**DATA FOR PROCESSING**.

•••••

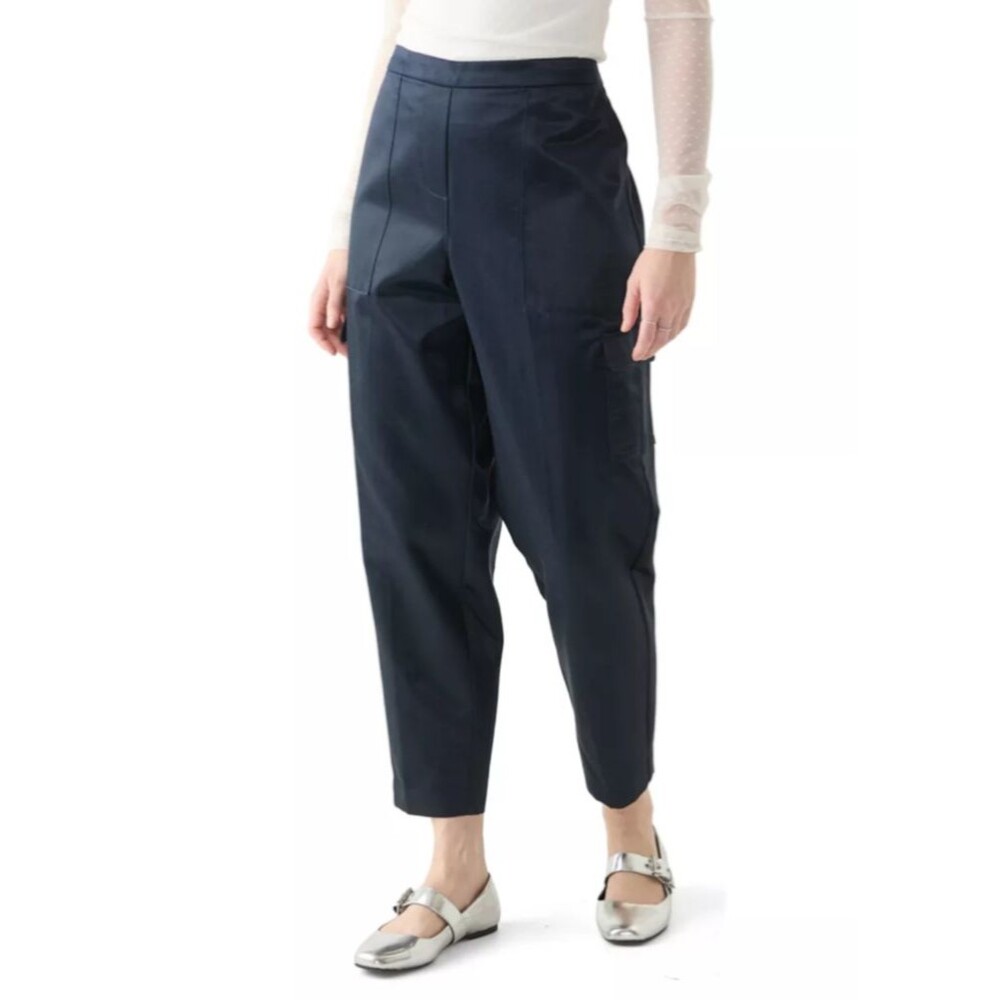 Donna Karan New York Women's Satin Cargo Pants size M NWT Barrel Leg Pull on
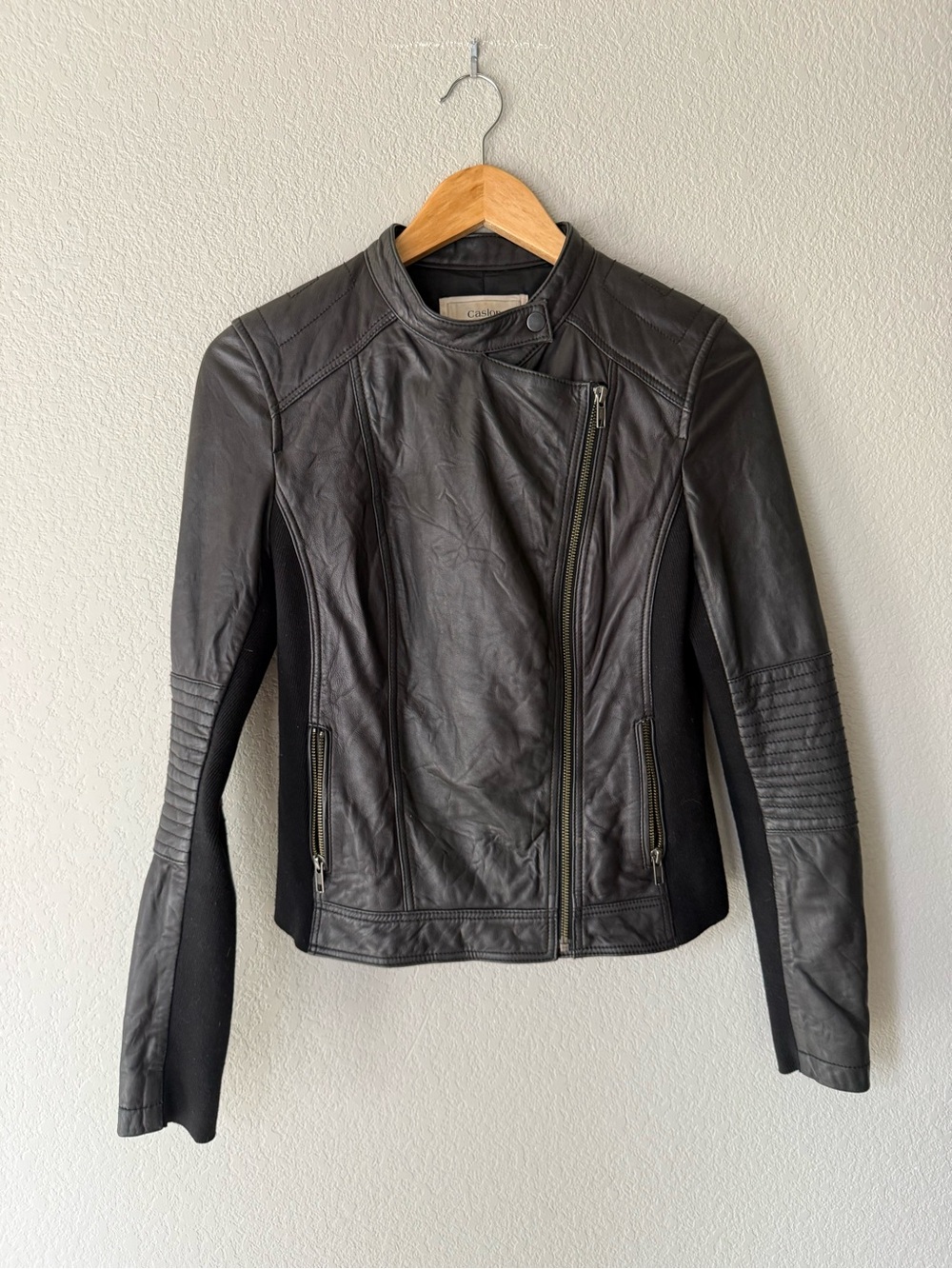 Black Real Leather Asymmetrical Zip Women's Jacket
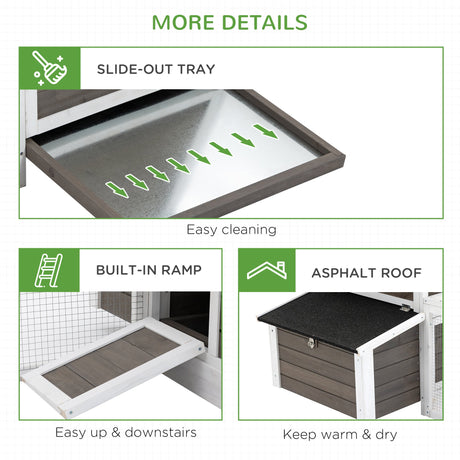 Wooden Chicken Coop with Nesting Box & Outdoor Run, 180cm, PawHut, Grey/White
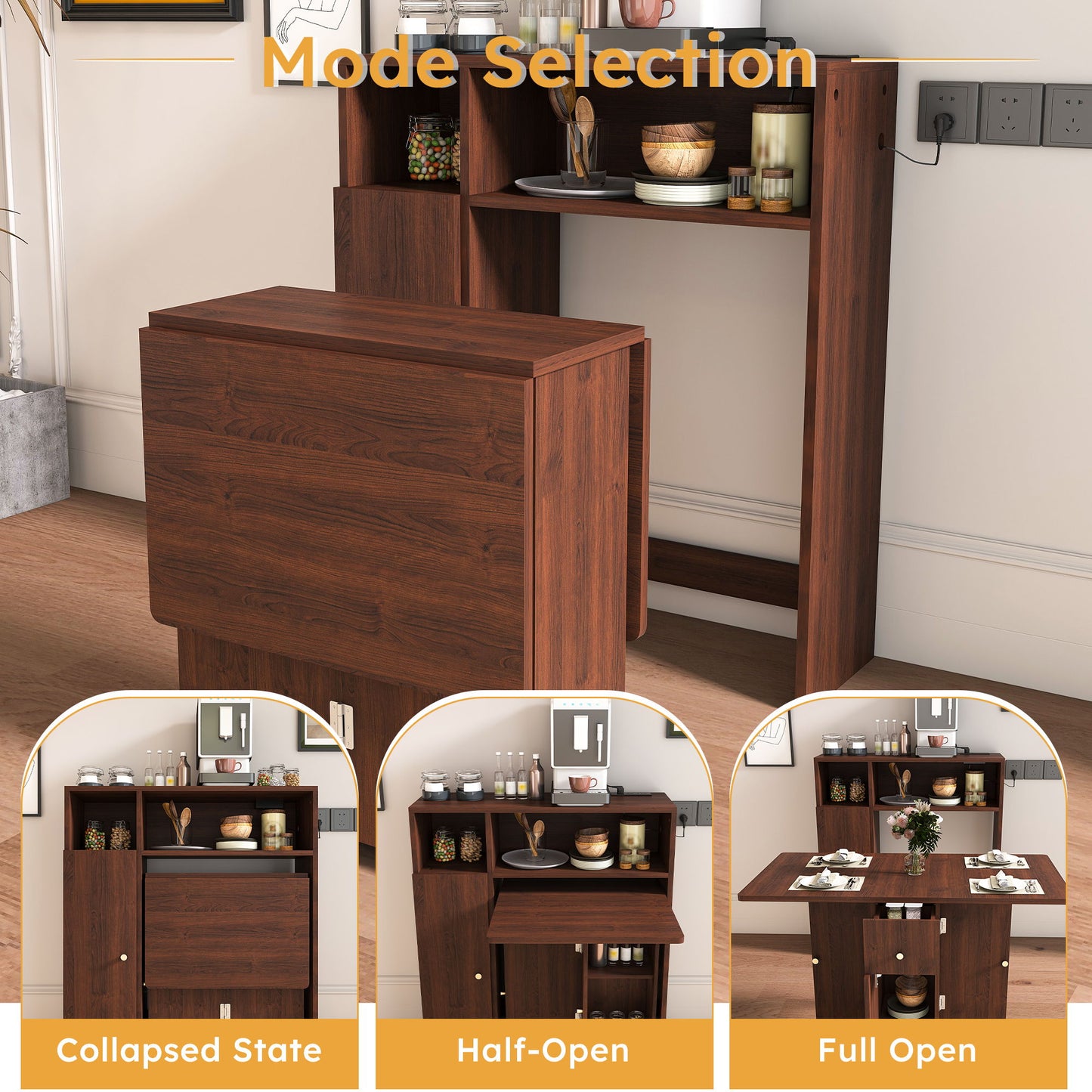 Multifunctional Folding Dining Table With Wall Mounted Sideboard & Storage - Walnut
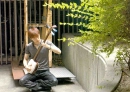 Gackt in his garden.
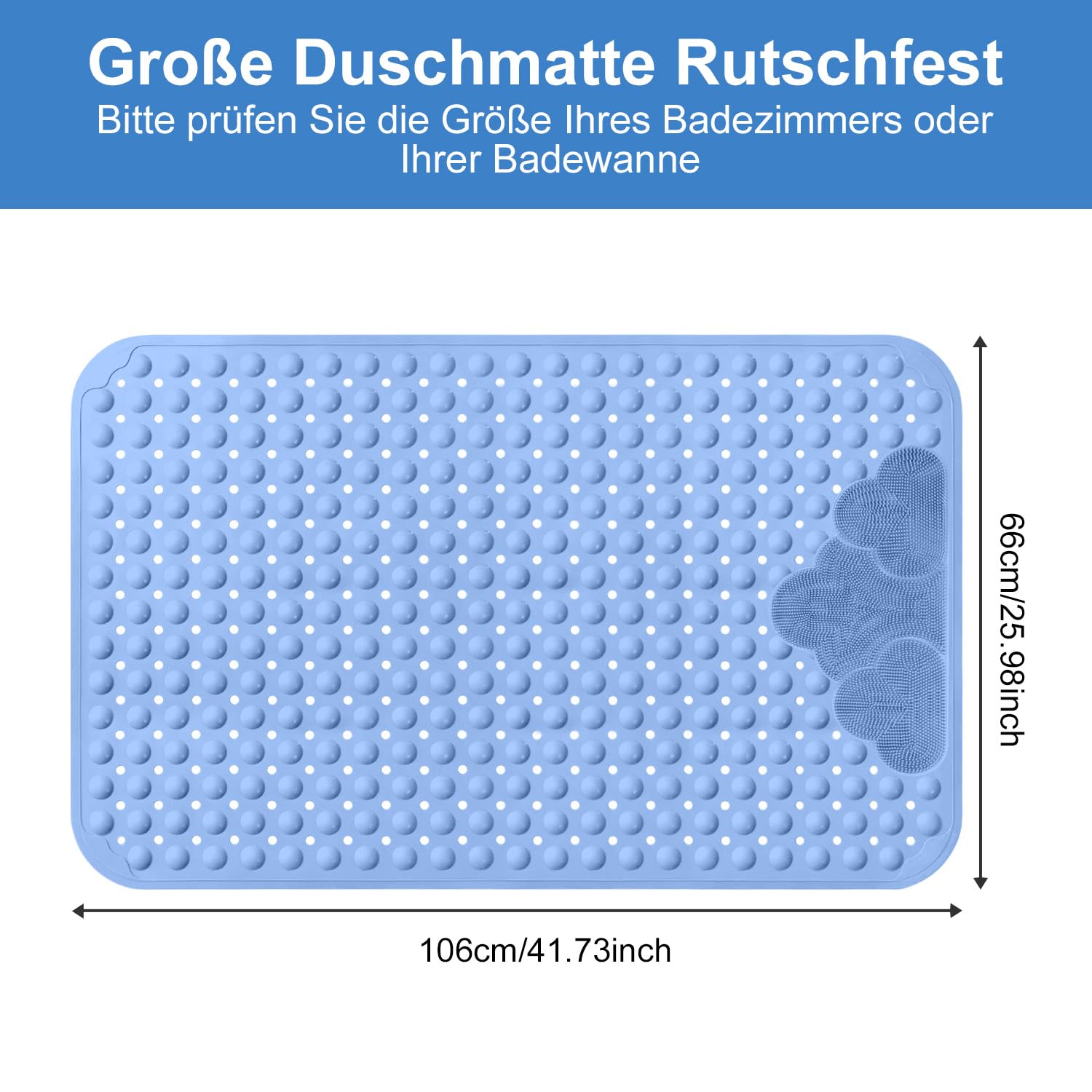 Tapis de douche antidérapant 106 x 66 cm – Extra long – Tapis de douche antidérapant confortable avec ventouses – Tapis de douche antidérapant en TPE – Lavable en machine (bleu, 106 x 66 cm)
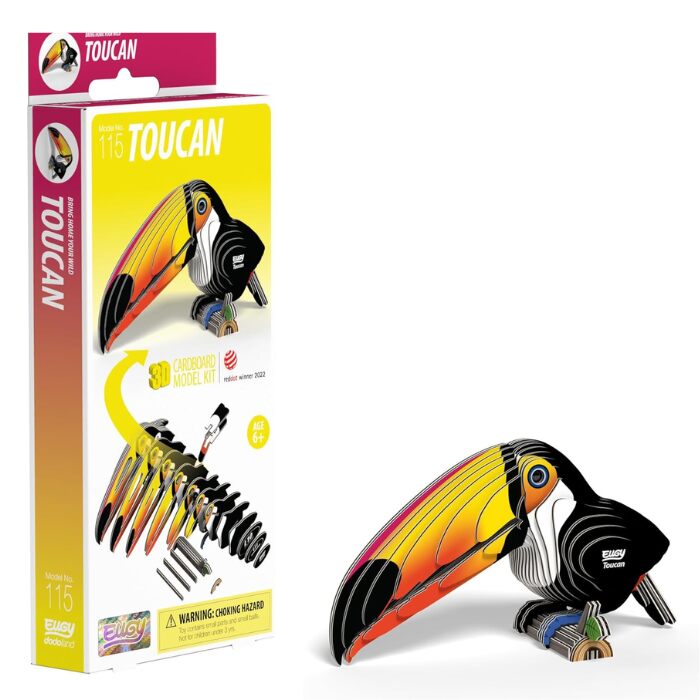 The EUGY Toucan 3D model kit by EUGY offers an engaging coloring experience, featuring packaging adorned with a colorful illustration of a toucan and including markers. Designed as an eco-friendly option, the completed model proudly showcases vibrant hues alongside its box.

•••••

Give back every entry verbatim. No pictures belong in the copy.

 Donna Karan New York Women's Satin Cargo Pants size M NWT Barrel Leg Pull on
 Black Real Leather Asymmetrical Zip Women's Jacket
 Wooden Chicken Coop with Nesting Box & Outdoor Run, 180cm, PawHut, Grey/White
 Multifunctional Folding Dining Table With Wall Mounted Sideboard & Storage - Walnut
 Gackt in his garden.
 Tapis de douche antidérapant 106 x 66 cm – Extra long – Tapis de douche antidérapant confortable avec ventouses – Tapis de douche antidérapant en TPE – Lavable en machine (bleu, 106 x 66 cm)
 The EUGY Toucan 3D model kit by EUGY offers an engaging coloring experience, featuring packaging adorned with a colorful illustration of a toucan and including markers. Designed as an eco-friendly option, the completed model proudly showcases vibrant hues alongside its box.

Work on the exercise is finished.